The original thought came from my editor who suggested I write another Seaside book. I love that setting of a Jersey shore town like Ocean City, NJ, where my parents met and where I met my husband. I did the four Seaside Seasons books in that setting, and since I was out of seasons, I hadn’t thought too much about more until Julee suggested it. I lifted Greg, the cop in the first four books, and made him my hero. Carrie just came alive in my imagination.
Starting out, who were the authors who inspired you? Who inspires you now?
When I started, there was very little Christian fiction. I loved Mary Stewart, Victoria Holt and Phyllis Whitney (after I outgrew Nancy Drew). Romantic suspense continues to be my favorite genre for reading and writing.
How does your faith influence your writing?
Many people write good stories but even though they are writing of life and death, too many don’t even consider the deeper questions about God and the meaning of life we all have. It’s my responsibility and my joy to add the spiritual arc to a book, to consider life and death, relationships and our relationship with God in light of Scripture. If I have some answers to offer and some questions to ask about the spiritual areas of life, I can’t not write of them.

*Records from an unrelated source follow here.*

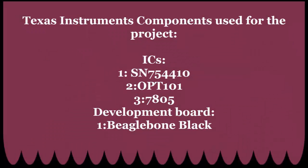These are different ICs and development boards we have used for our project. This is the end of our video. Thank you for being with us.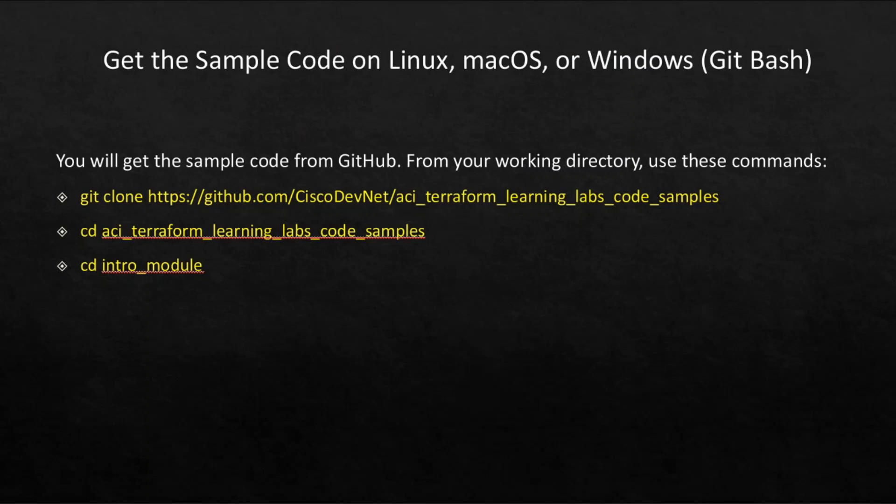How to get the sample code on Linux, macOS, or Windows. You will get the sample code from GitHub. From your working directory, use this command.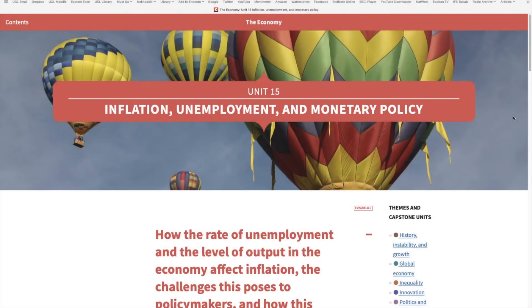Unit 15: Inflation, Unemployment and Monetary Policy. Inflation is one of the most important macroeconomic variables. It is almost always in the news, and especially after the recent pandemic, economists are discussing the possibility of a return of high inflation rates.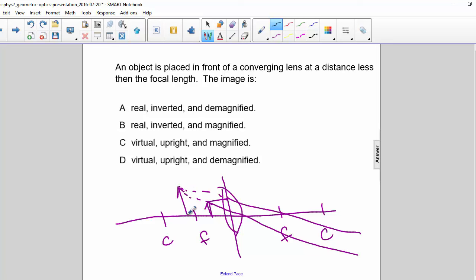So this is a virtual image. It's upright and it's magnified. So the correct answer is C.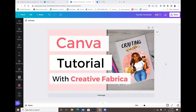Hey guys, welcome back to another video here with Angel B Designs. If you are new, welcome; if you're not, welcome back. Today I'm going to do a quick little video on Canva and Creative Fabrica — basically showing you guys how you can use things from Creative Fabrica in Canva to make your designs, mock-ups, or whatever the case may be.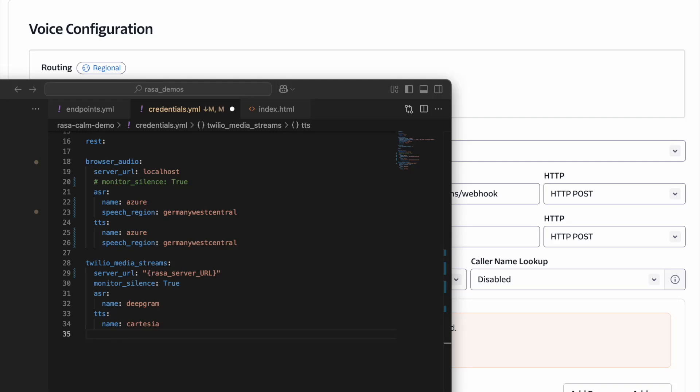Adding a Twilio channel to your Rasa Assistant is very simple. All you have to do is,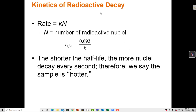We have looked at the kinetics equations before. We found that we can calculate the half-life for different reactions — for a zero order process, a first order process, or a second order process. When we're talking about radioactive decay, we don't have to consider zero order or second order kinetics. Radioactive decay is always controlled by first order kinetics.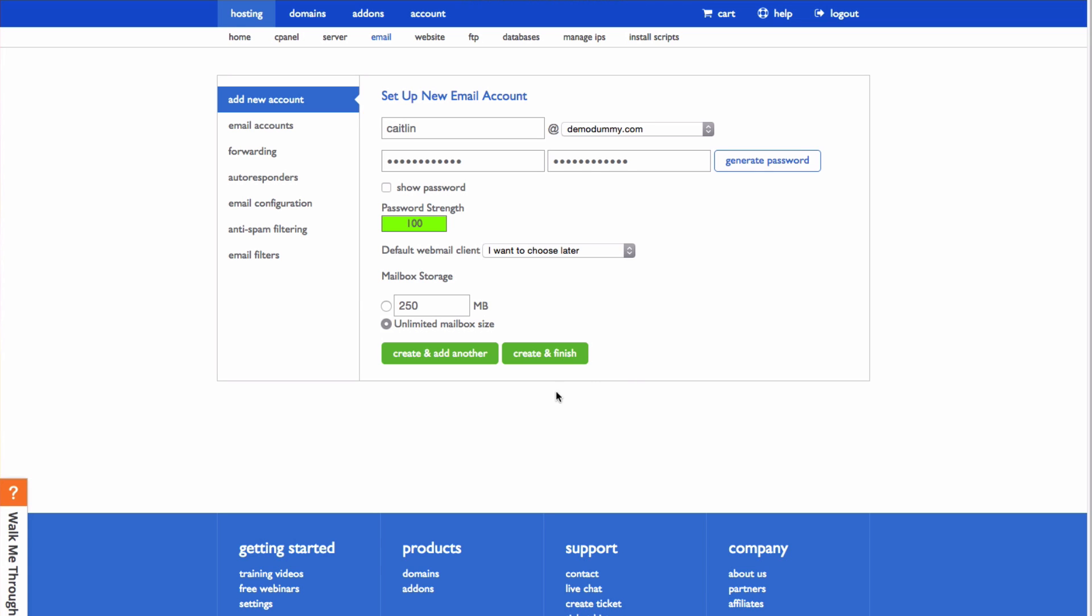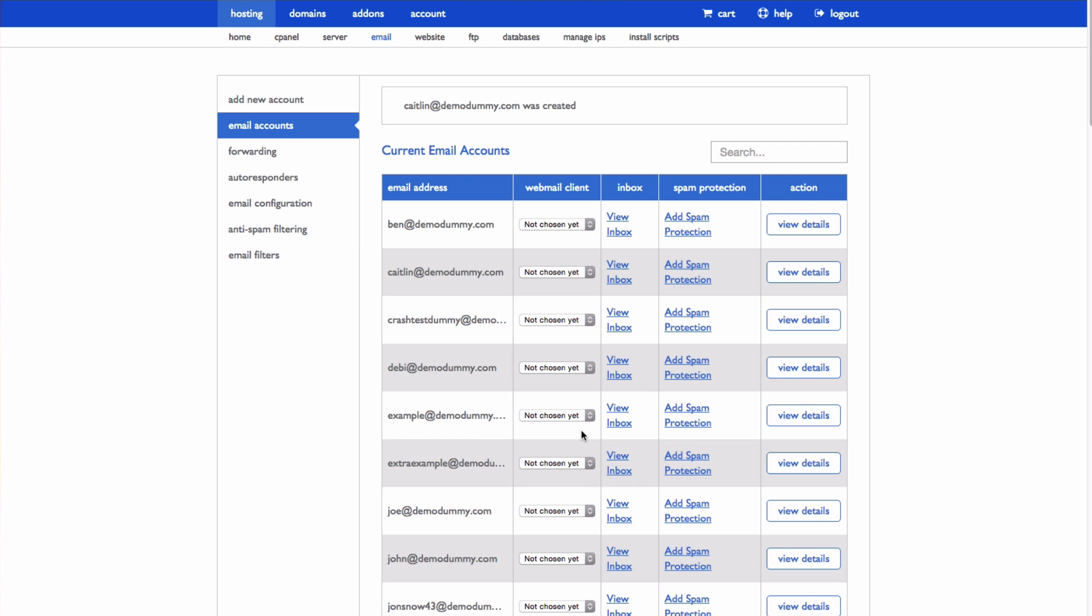Once you've done that, you can either create and add another email address, or create and finish. And there you go! You can see that your account has been created.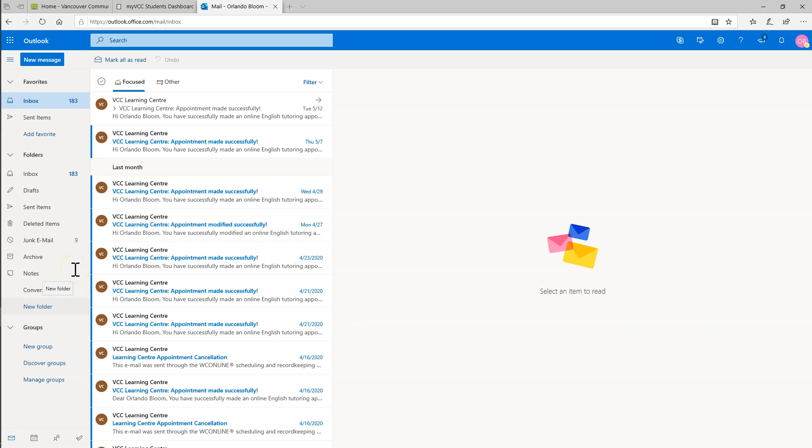Hello and welcome to this demonstration of how to forward your VCC student email, Outlook for Web. You can forward it to another address if you have a different email service you use more often.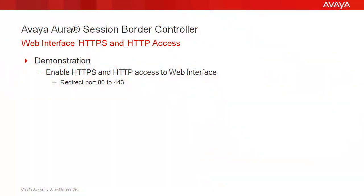We will demonstrate how to enable access to the web interface using HTTPS and HTTP. This is actually accomplished by enabling the redirection of port 80 to port 443.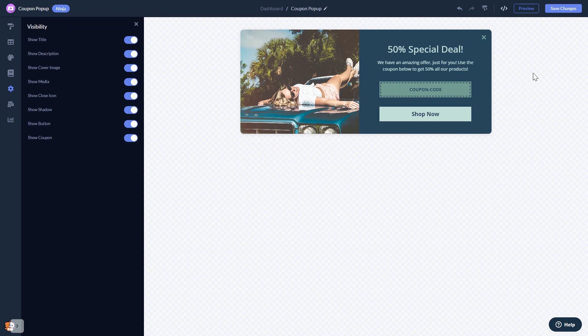When you're done, click the save changes button to save your work. If you don't have an account on Common Ninja yet, you'll have to register first.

The trick is to write such a good story with characters so real that there’s no sense of lecture or sermon.
How long have you known you wanted to be an author?

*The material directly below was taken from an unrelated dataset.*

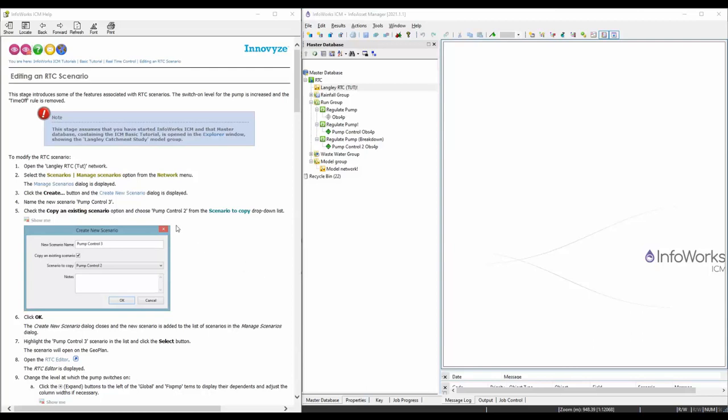In this last tutorial we're going to edit a RTC scenario. We'll see how we can change things, add comments, do validation, and then delete a rule that we no longer want to use.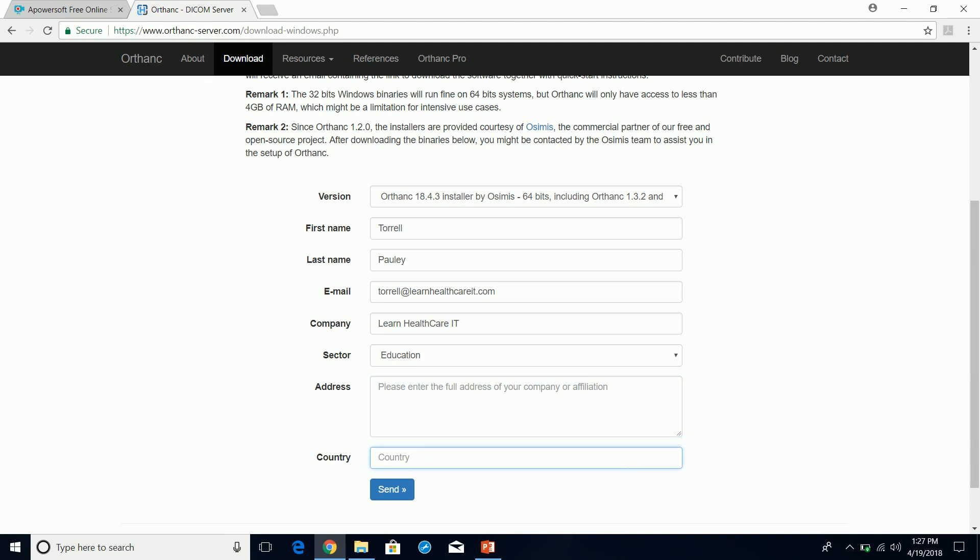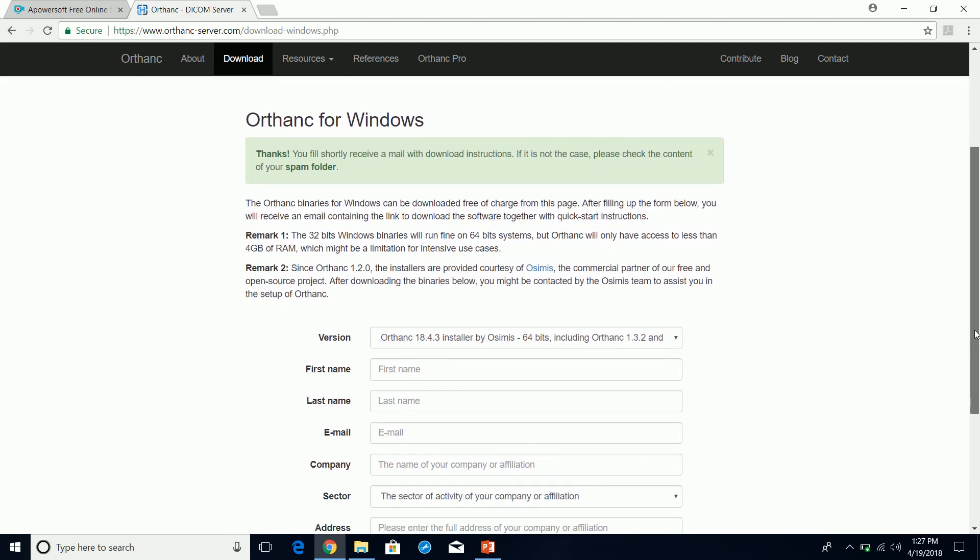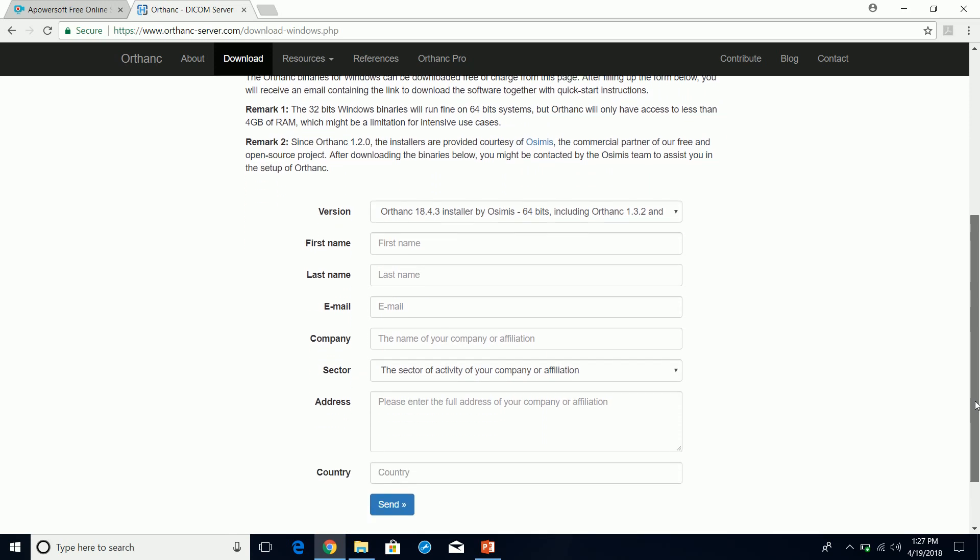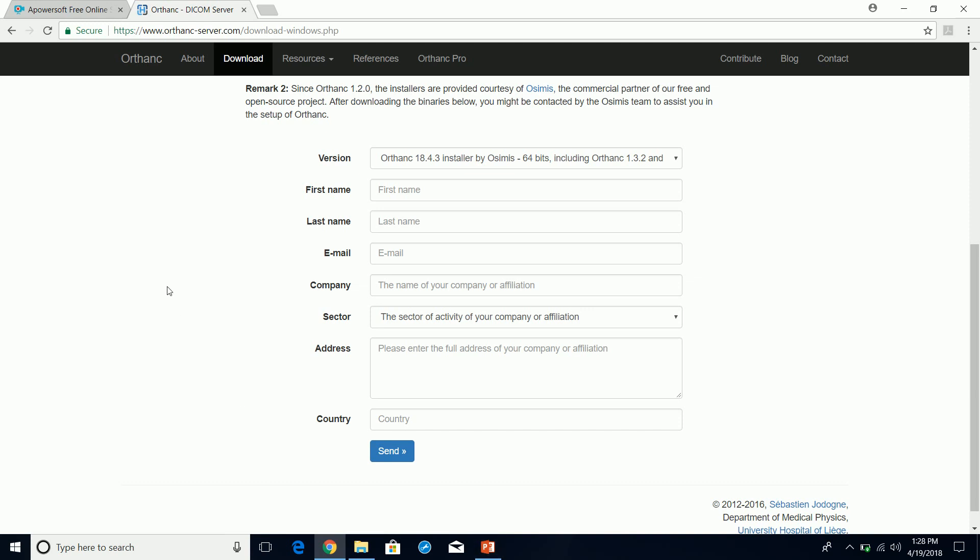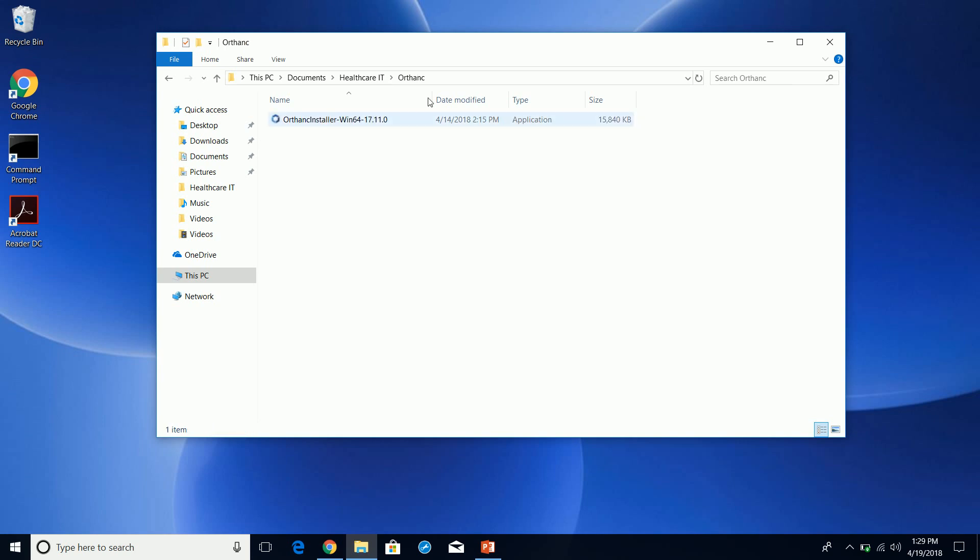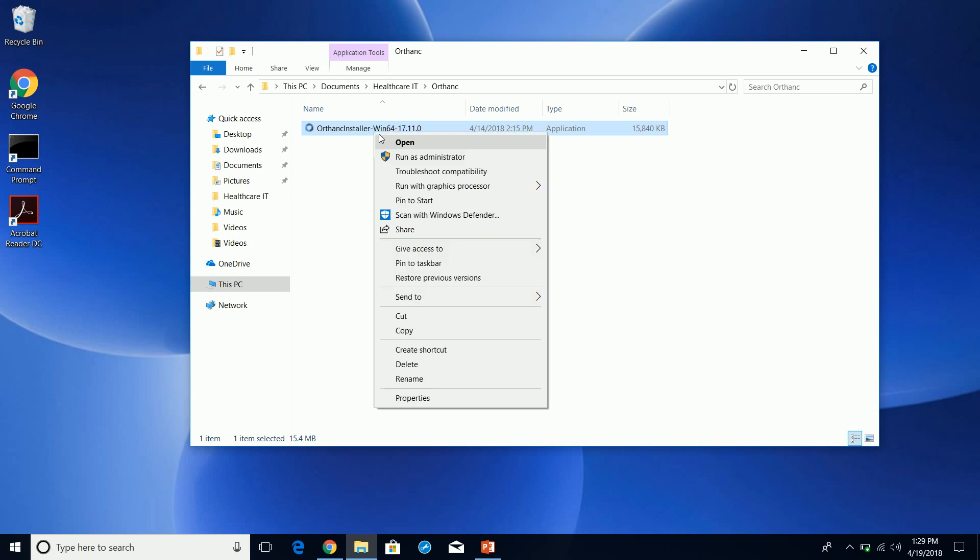I'm going to just go to my email and download the executable, so just bear with me here. Now I have the executable downloaded, the Orthanc executable downloaded here, and I'm going to go ahead and do a go through the install.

Being a writer is one of those wonderful God-surprises that sometimes appear in our lives. I was a teacher until we had our kids. Then I wanted to stay home with them, but I missed the intellectual challenge of being with adults. I started to write just to fill that void and found I loved it. I thought I might as well write something I could sell, so I did. Sounds simple, doesn’t it? It was probably more a case of ignorance on my part and grace on God’s.
What do you most hope that readers get from reading your work?
I want people to have a great read, a given for a novelist, but I also want them to think about the questions my characters ask and the answers they seek. The thing I like about fiction is that it shows patterns of living and the consequences of the choices the characters make. Right now I am writing a blog, www.widowsjourney.com, a different kind of writing that grows out of my life and my recent experience.